A customer can choose to work with a Crossroads partner to use one or more of the following tape environment services:
Library Monitoring and Alerts -- this service provides daily reports on all triggered events, such as lost device communications or serious error conditions. However, the service can also report on less critical, but still important alerts -- described as cautionary, concern or simply informational conditions -- that describe poor drive efficiency or high device load counts, which may have a long-term impact on systems' costs, capital expenditures or successful data recovery.
Tape Environment Site Analysis -- a survey report is generated after, say, a 90-day analysis of a site's tape environment, offering a comprehensive analysis of its condition. This includes drive-tape cartridge error analysis of the interaction between drives and tape media, overall tape performance over the analysis period, and whether or not the utilization of the tape drives are reasonable or not. The report uses clear, easy-to-view, sophisticated visual approaches (such as spider charts), as well as reference information generally not be available to the customer, so the site analysis is best delivered as a service.
Tape Verification -- using an otherwise empty tape drive, the RVA appliance can verify that the information written on tapes is still correct. The resulting reports show metrics of all tapes verified, which is useful for providing clearly documented records for regulatory compliance (think Sarbanes-Oxley, where restoring financial data is necessary to avoid big problems) and for Service Level Agreements. Overall, IT can rest easier knowing that tapes are good in case a recovery is necessary.

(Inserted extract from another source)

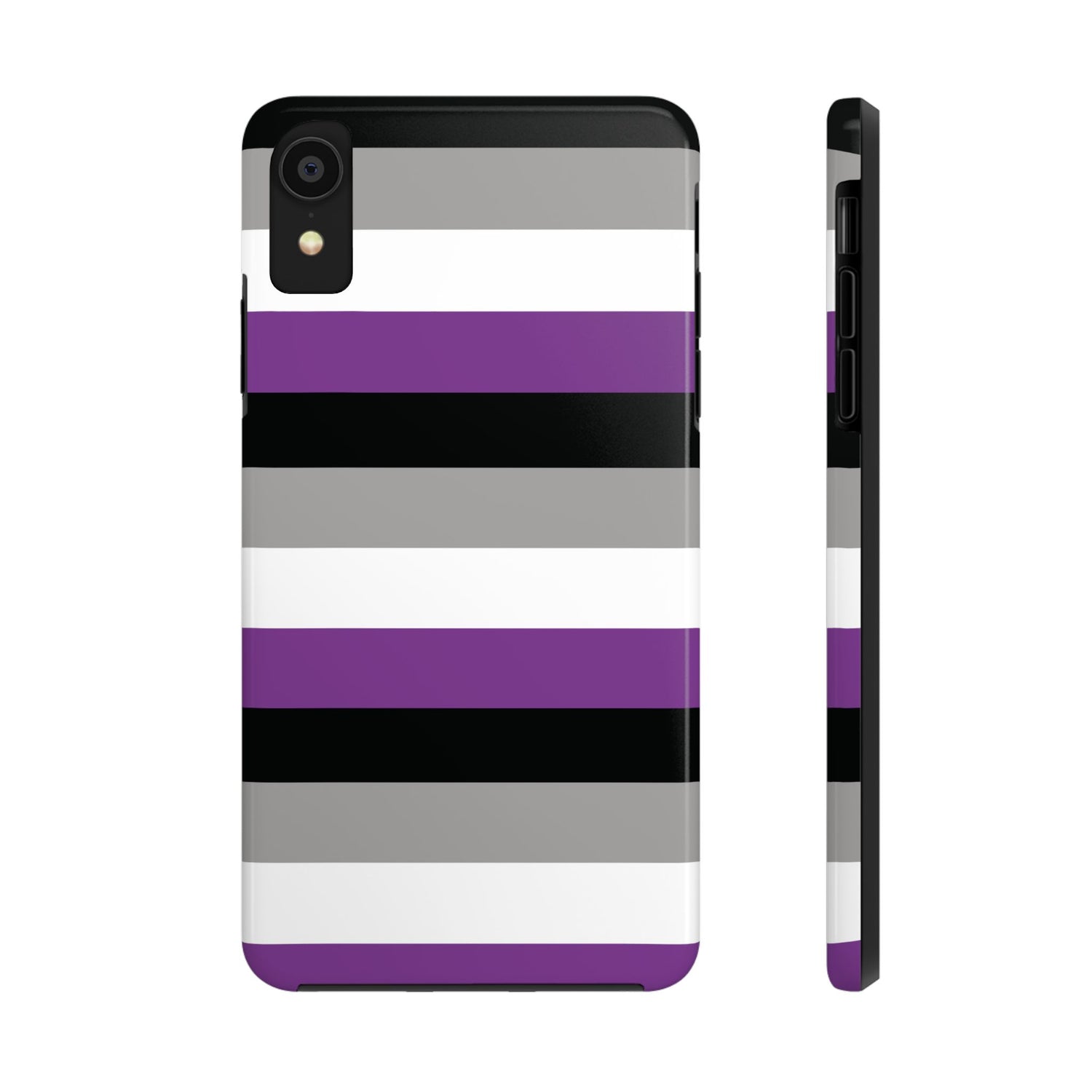 Asexual Pride iPhone Case
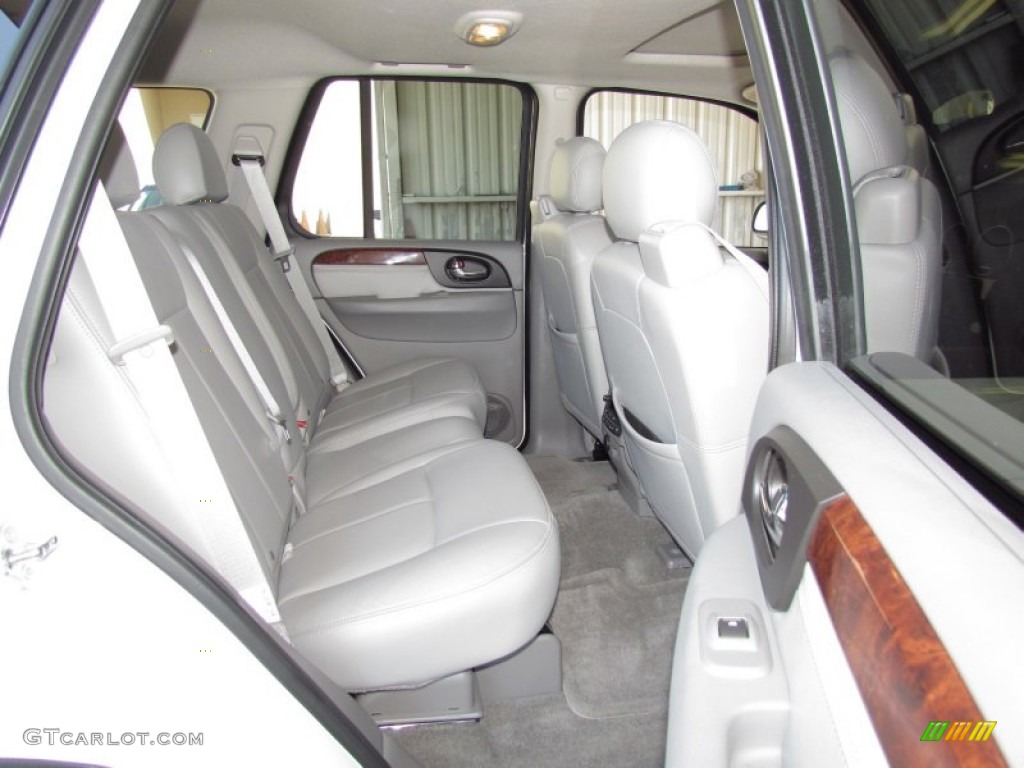 Light Gray Interior 2007 GMC Envoy Denali Photo #54857077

Typically, I avoid injecting my personal experience in my observations. However, many years ago, I ran a Fortune 500 data center that had a mixture of mainframes and minicomputers (now called open systems servers). On many occasions, I needed more information about the non-mainframe environment, and I kept asking my managers why I couldn't have the same information that was available for the mainframes. Since they had no control over the operating system of the non-mainframe systems, my requests could not be met. But I never give up and so, even though I am no longer managing a data center, I want IT to have the tools and information that they need.
And that includes tape. My data center had to manage 10,000 tapes even then. And we had one device we called the tape drive of last resort in the mainframe environment that was used to read what other tape drives might not. This is the reason I find the Crossroads solution interesting enough to bring to your attention. Tape is not dead (and not likely to die as soon as some pundits would have it), but while it is alive, it deserves to be managed well. Crossroads combination of RVA along with its three tape environment services should provide enterprises the tools they need to better manage and maintain their tape environments.